The Shakespearean Sonnet, I believe, is the most popular and widely used now. The form of these sonnets is usually:

            a-b-a-b c-d-c-d  e-f-e-f  g-g

Shakespeare was the best and no one could out do him so that made the sonnets big. He was one of the best playwrights and sonnet poets. Shakespeare’s sonnet collection includes 154 sonnets. Shakespeare also does not follow conventions as closely as a lot of other poets. He never clearly follows one pattern to a tee. Shakespeare also turns convention on its head when the focus of his sonnets is sometimes a young man.

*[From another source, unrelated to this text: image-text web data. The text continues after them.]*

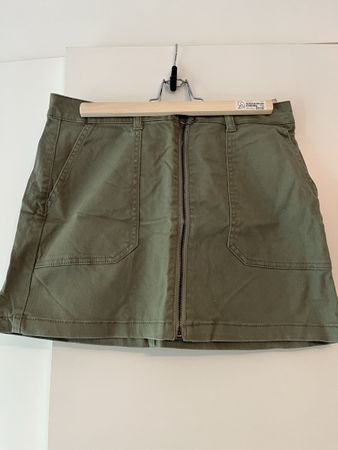 Pull&Bear Rock, khaki, Grösse M, neuwertig, mit Reissverschl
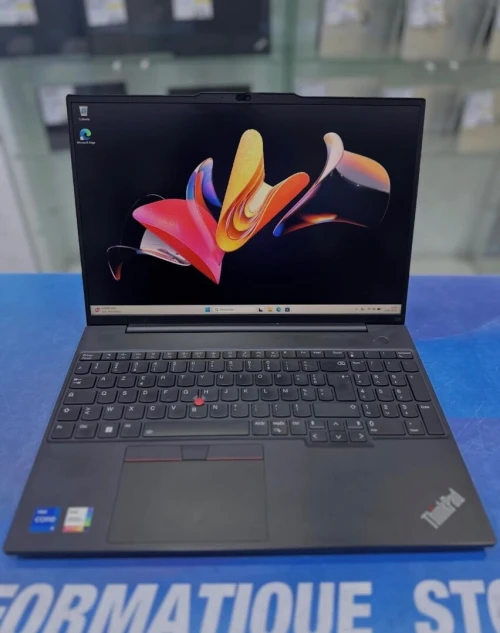THINKPAD E16  CORE : INTEL i5 - 1335U DISC :  512 GB (SSD)  RAM : 16 GB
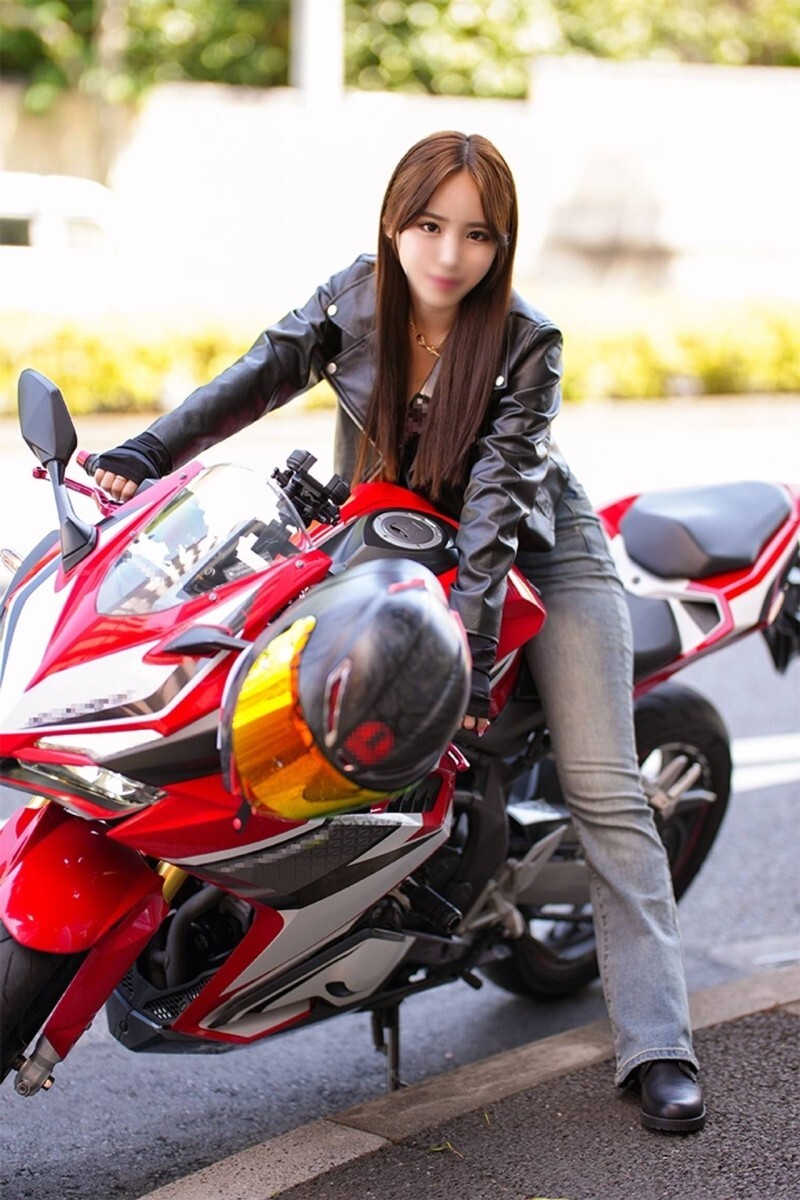 [UNCENSORED-LEAK] FC2-PPV-4770732 [Limited Price] A beautiful woman with an incredible figure and a motorcycle as her partner. This cool and straightforward woman loses her mind as she cums over and over again during raw sex! FC2-PPV-4770732 ไม่เซ็นเซอร์ 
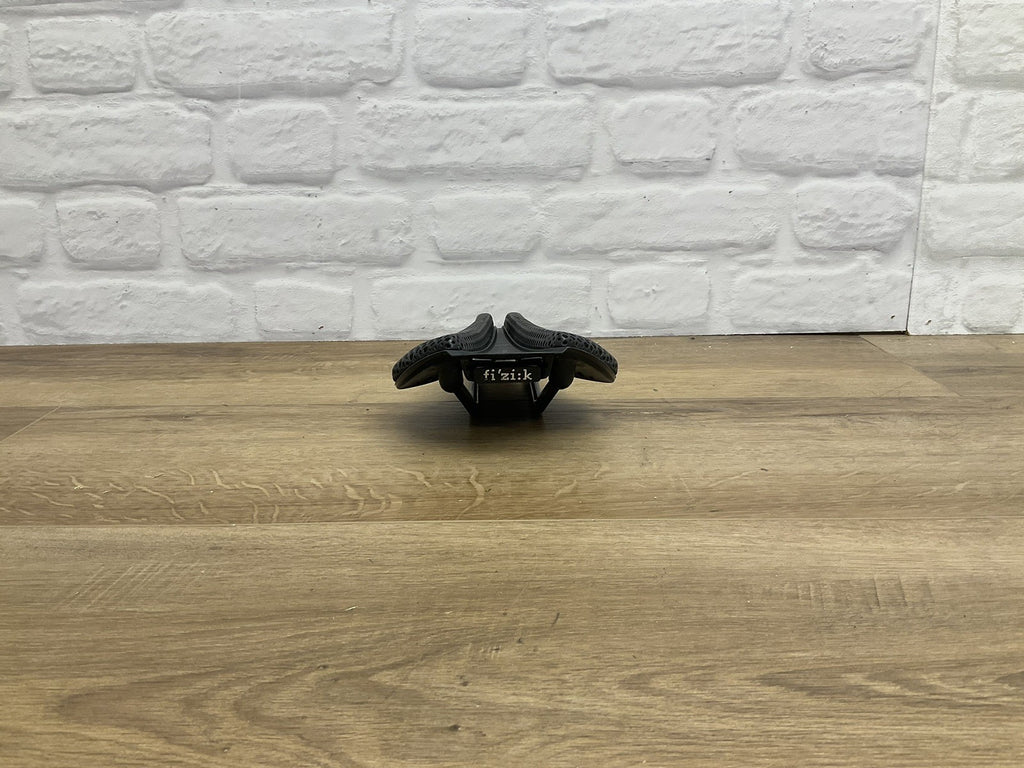 Fizik Versus Evo Adaptive Carbon Rail 139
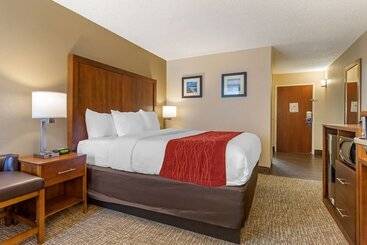 هتل Comfort Inn University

One of my favorite sonnets is Shakespeare’s Sonnet 1:

From fairest creatures we desire increase,

 That thereby beauty's rose might never die,

 But as the riper should by time decease,

 His tender heir might bear his memory:

 But thou contracted to thine own bright eyes,

 Feed'st thy light's flame with self-substantial fuel,

 Making a famine where abundance lies,

 Thy self thy foe, to thy sweet self too cruel:

 Thou that art now the world's fresh ornament,

 And only herald to the gaudy spring,

 Within thine own bud buriest thy content,

 And, tender churl, mak'st waste in niggarding:

 Pity the world, or else this glutton be,

 To eat the world's due, by the grave and thee.

            In this sonnet he speaks about that you create your own hell even when there should not be one. He follows conventions here and form but it isn’t clearly about love. One could argue it could be about a lot of people who are making their own life harder.